Much of the feeling and all of the themes found in these two songs are also present in Anjela Duval’s oeuvre, the animosity against the profiteering city-dweller, for example, is expressed with great bitterness in Dic’hoanag, «Despair», where an old farmer dreams of planting his pitchfork in the belly of the «aotrounez».[14] In most of the poems, however, the antagonism is depicted in predominantly cultural terms, as the fight for survival of a people subjected to an insidious form of ethnocide. Itron Varia Vreizh, «Our Lady of Brittany», composed on the model of traditional hymns and with a metrical form corresponding to La Villemarqué’s observations, is thus a long address to the Virgin Mary, imploring her to defend the Bretons threatened by linguistic extinction:


Hag-eñ eo reizh, Gwerc’hez santel

Gwelout ar vamm ‘komz d’he bugel

Ar yezh estren: yezh ar mac’her

Ha dilezel hor yezh ken kaer?

Ur vezh eo dimp

Gwerc’hez Vari

Ar Bed a ra goap ouzhomp-ni.[15]


(«And is it right, holy Virgin, to see the mother speak the foreign language to her child: the language of the oppressor, abandoning our own language that is so beautiful? It is a shame for us, Virgin Mary, the World is making fun of us.»)


This poem bears all the marks of having been written to be sung to a tune of a traditional type [16] Even though, on the page, its eight stanzas appear to be somewhat irregular, with seven lines per stanza and a fifth line that neither rhymes nor alliterates, it becomes clear on closer analysis that the fifth and sixth lines of the stanzas are in fact the two halves of an eight-syllable line. It is therefore possible to see this piece as a series of rhyming couplets arranged in stanzas of six lines, with a strong caesura on the fifth line. The only feature that does not correspond to the «traditional» model is the presence in Itron Varia Vreizh of run-on lines - a recurrent feature in Duval’s work.


The «remembrement rural» is the particular subject of two of Duval’s poems: Diskar ar C’hleuzioù «The destruction of the field-banks», published in Duval’s 1973 collection of poems Kan an Douar and Dirak an Dismantr, «In front of the ruin», published in the 1982 posthumous collection Traoñ an Dour. Eleven years separate the composition of the two pieces (1967 for Diskar ar C’hleuzioù, 1978 for Dirak an Dismantr), which therefore roughly span the period from the realisation of the damage done by state-imposed vandalism, to the eventual rethinking of the «remembrement» programme by the government.

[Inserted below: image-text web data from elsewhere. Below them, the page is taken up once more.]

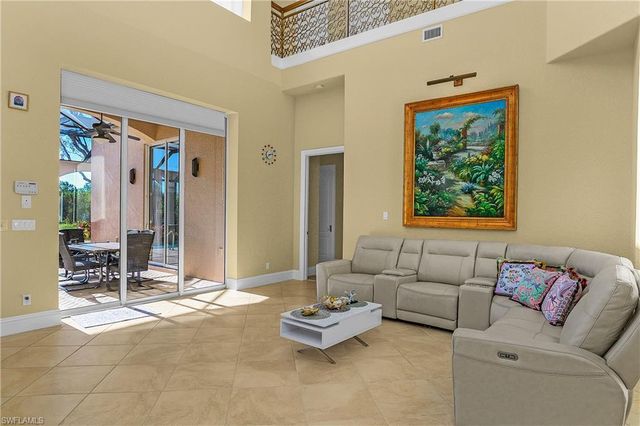 8593 Bellagio DR, Naples, FL 34114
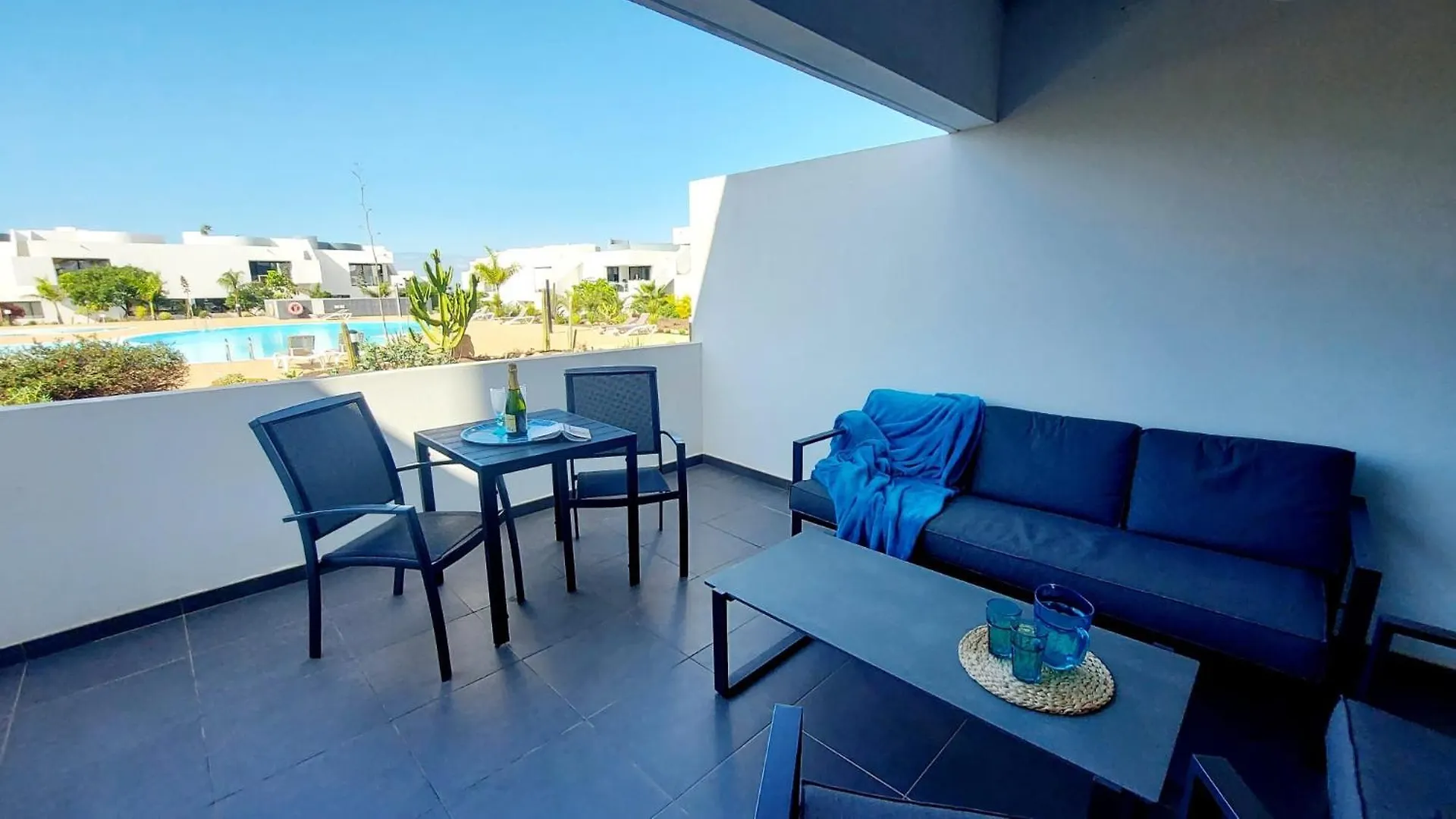 Casa Ana - Luxury Pool Apartment At Casilla De Costa Villaverde  Spain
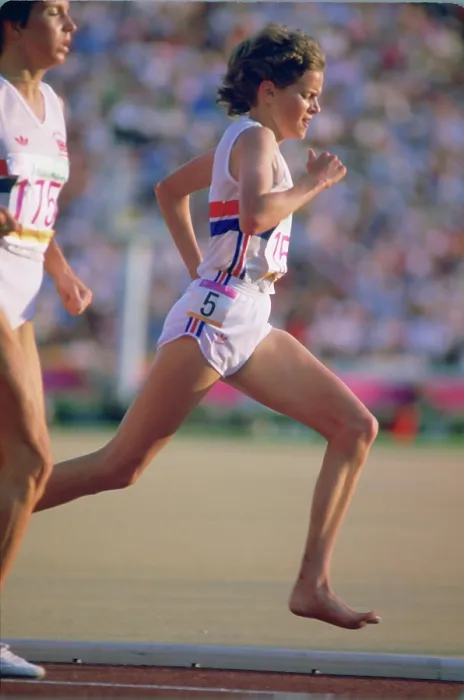Framed Print : Zola Budd in 3, 000-meter final Framed Print : Zola Budd in 3, 000-meter final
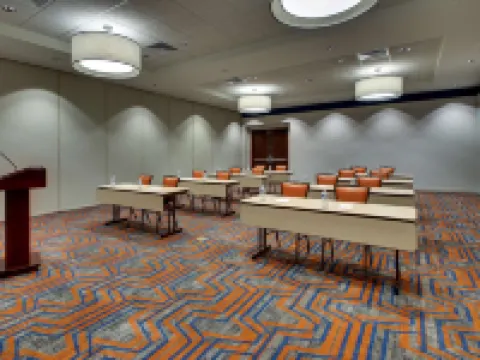 Drury Inn & Suites Iowa City Coralville Hotels in West Lucas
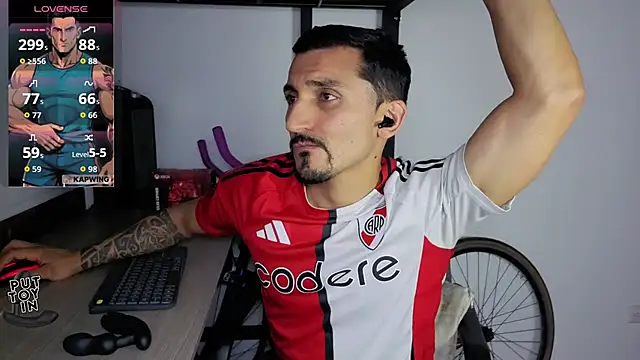Онлайн чат XXX Marck_Muscle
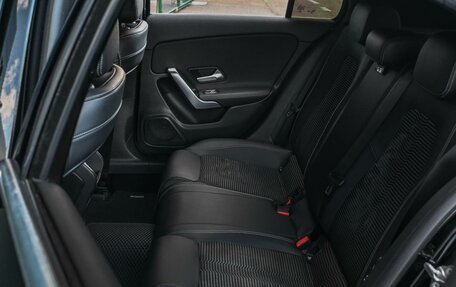 Mercedes-Benz A-Класс, 2019 год, 2 699 000 рублей, 9 фотография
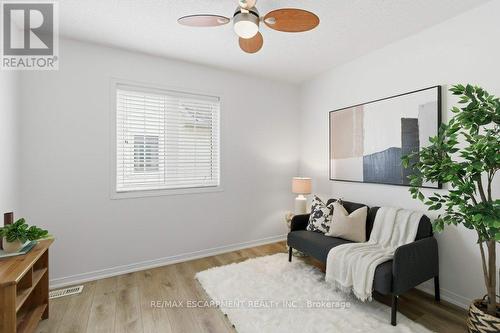 Third bedroom - 113 Thornlodge Drive, Hamilton, ON - Indoor Photo Showing Bedroom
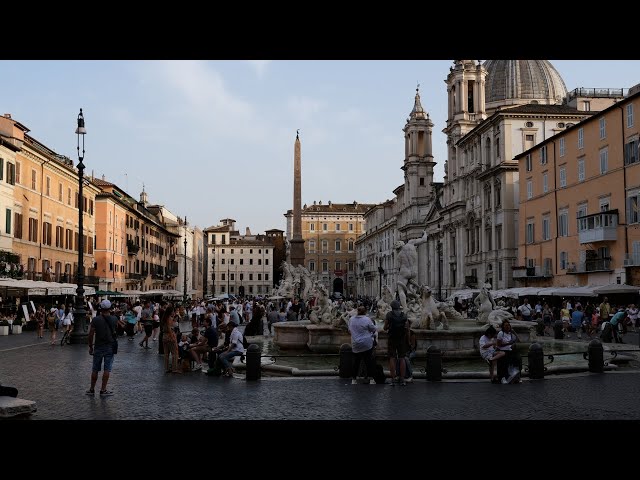 Rome Virtual Tour. From Navona square to the original geometry of St. Ignatius square.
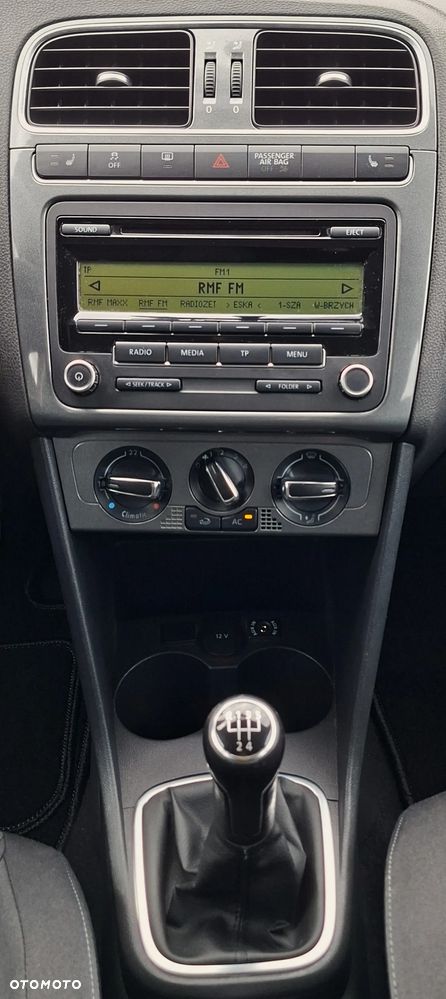 Volkswagen Polo 1.4 16V Highline - 8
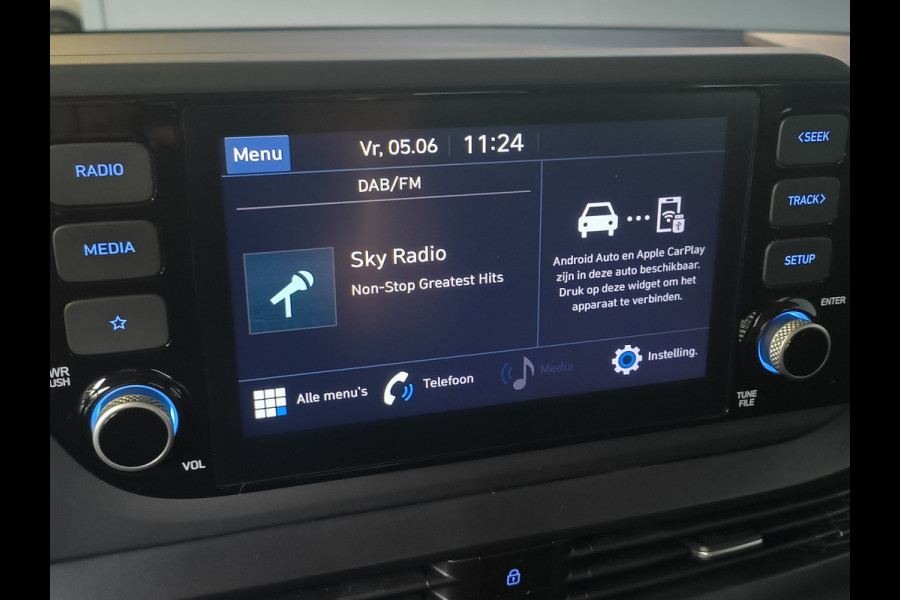 Hyundai i20 1.0 T-GDI Comfort Smart uit 2023 Rijklaar + Fabrieksgarantie tot 02-2028 Henk Jongen Auto's in Helmond,  al 50 jaar service zoals 't hoort!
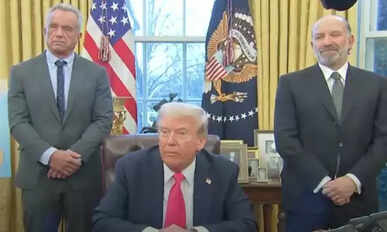 Trump in oval office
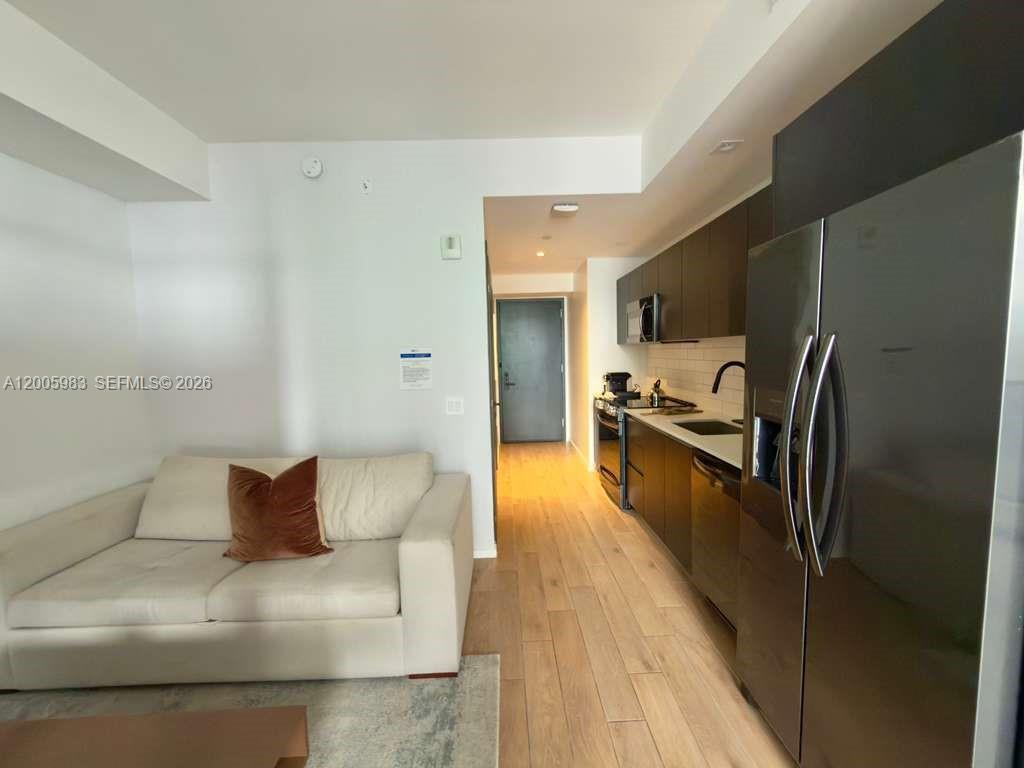 398 NE 5th St # 4313, Miami FL 33132 photo 4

On the page, Diskar ar C’hleuzioù does not appear to have any obvious stanzaic structure. However, like Itron Varia Vreizh, typography disguises an extreme metrical regularity. All the lines except one (and even there one may quibble) have eight syllables, and are linked together by rhyme in the traditional couplet form. It is reflective in mood, though, rather than aggressive, starting with a lament for the flowers which have lost their natural habitat with the razing of the field-banks; regretting the disappearance of the trees, and the discomfort of the resulting landscape for human beings. The speaker deplores the tact that wild fruit can no longer be gathered, that healing herbs are no longer to be found; and the poem ends with an appeal to ignorant youth to spare «labour sakr ho Tadoù-kozh», «the sacred work of your forefathers». The militant dimension is not absent from the poem, however, and this may have been the reason for the choice of formal characteristics allowing an easy circulation of the piece through the medium of song as well as in print. There is a strong ideological element in the poem, expressed in nationalistic terms (lines 12-13):


Mañ maezioù Breizh o koll o neuz!

Nann, n’eo mui Breizh, Tir ar Gelted!


(«The fields of Brittany are losing their looks! No, it is no longer Brittany, Land of the Celts!»)

Diskar ar C’hleuzioù affirms the Celtic nature of Brittany (as opposed, implicitly to Paris-controlled authorities, perceived as ethnically alien), and as such, in the context of its time of composition, would have been considered as verging on indoctrination, even though it seems innocent enough some 19 years on. It affirms the existence of a Breton identity, with a long and glorious history - Brittany is «ho Pro-kozh»?, «your ancient land» (1.36; an echo of the Breton national anthem), and every aspect of this land has been consecrated by the genius of the race. The banks levelled by ignorant people blinded by their thirst for money (11.32-33) thus become emblematic of a more general attack on national identity. This poem is an appeal to a wider conscience among the Bretons of the cultural specificity of Brittany; and an attempt to reverse the prevailing attitude of shame at not «belonging» to the dominant francophone culture. The message is expressed in moderate but clear terms, and is carried by a seemingly a-political issue that was close to the hearts of a great number of Breton-speaking people. As most of these Breton speakers were not able to read their own mother-tongue, an oral mode of transmission was essential for this «propaganda» to reach its target audience; hence the advantage of composing a text compatible with the rhythm of traditional tunes.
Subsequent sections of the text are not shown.